350 years ago, services other than government-sponsored worship were outlawed. Any who refused to attend the state church were heavily fined. Troops were stationed in people’s houses and given liberty to do anything they liked to the local population. The punishment for conducting “illegal” worship was execution. Landlords, magistrates and any in a position of authority had to support and reinforce such measures. People were driven to desperation under such tyranny. What could they do? In November 1666 they rose up in self-defence, but was it right to do so?
On 13 November 1666, a spontaneous event arose from a particular instance of brutality. The soldiers were exacting “church fines” and one poor old man was being threatened with being roasted alive on his own hearth because he could not pay. When others intervened the soldiers attacked with swords, but one of the Covenanters fired a pistol wounding one of them and the others surrendered.
Realising that, having gone thus far, they would be considered rebels they decided to raise an armed force. They intended to go to Edinburgh to petition the government for relief from oppression. On the way, they renewed the National Covenant at Lanark and Gabriel Semple preached. In his sermon he mentioned Proverbs 24:11-12 which condemns failing to deliver those that are “drawn unto death, and those that are ready to be slain”. He applied this in a moving reference to the rescue at Dalry and the wider context.
But government troops pursued them awaiting a time to attack. Through night marching and inclement weather when they got to Edinburgh,”they looked rather like dying men than soldiers going to a battle…weary, faint, half-drowned, half-starved”. When the gates of Edinburgh were closed against them they made their way home to the west. It was at this point that General Dalyell engaged them with his army of some 3,000 well-equipped men. The Covenanters had around 700-900. A battle ensued at Rullion Green in the Pentland Hills about seven miles from Edinburgh on Wednesday, 28 November. Fifty of the Covenanters were killed and eighty captured.
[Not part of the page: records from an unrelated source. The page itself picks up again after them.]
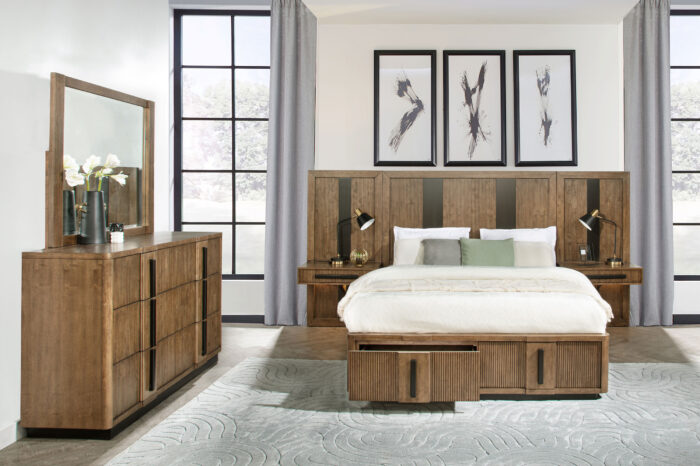 Terrace 5-piece Queen Panel Bedroom Set Ash Brown product image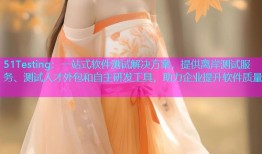 51Testing：一站式软件测试解决方案，提供离岸测试服务、测试人才外包和自主研发工具，助力企业提升软件质量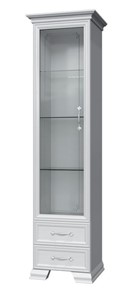 Шкаф-витрина Грация ШР-1, белый, 1 стекло, 420 в Миассе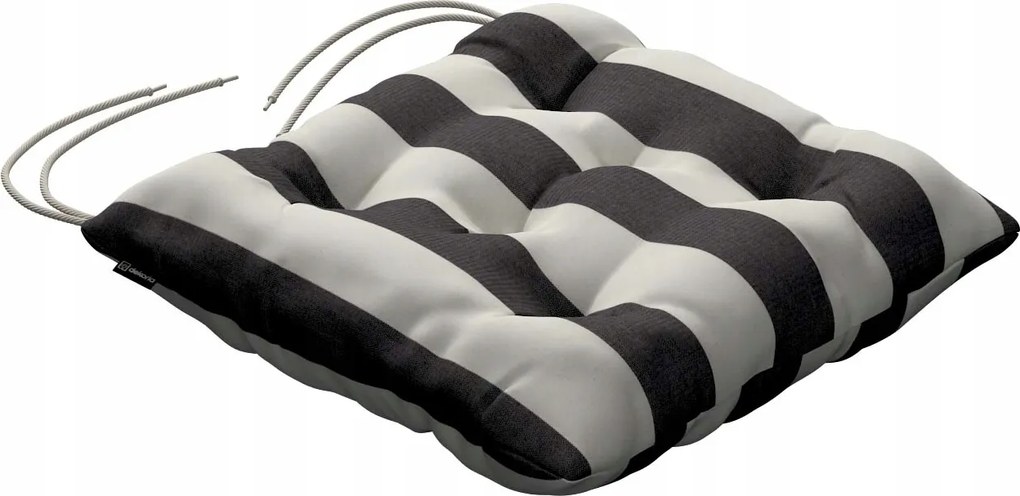 Jacek székpárna 38x38 fehér-grafit függőleges csíkos (5,5cm)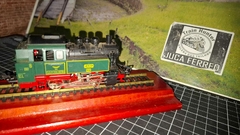 C308 - Locomotiva vapor 0-6-0 importada FLEISCHMANN Vintage - BR 80.005 - Ferrovia CARL- Produto usado e vendido no estado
Sir James Stewart of Goodtrees (1635-1713) published a defence of the Pentland Rising together with a minster called James Stirling. The book was called Naphtali, or, The wrestlings of the Church of Scotland for the kingdom of Christ. Stewart was an advocate, later Lord Advocate. He describes the tyrannical laws and events surrounding the Pentland Rising. He then goes on to make some arguments in defence of the Covenanters which are summarised below.
1. Self-Defence
The rising was an act of self-defence. God has given both the power and right of self-defence which cannot be set aside or renounced as it is part of God’s law [see the 6th commandment, Shorter Catechism Q.68-69].
2. Recognition of God-ordained Government
They were not anti-government but neither could they accept that kings and governments could do no wrong. Governments are ordained of God in subordination to His law for the safety of every individual. If either of these are perverted, the common bond of society, government and law, is dissolved. Rulers who command things directly contrary to the law of God may be justly disobeyed. Those who destroy their kingdom may be lawfully resisted.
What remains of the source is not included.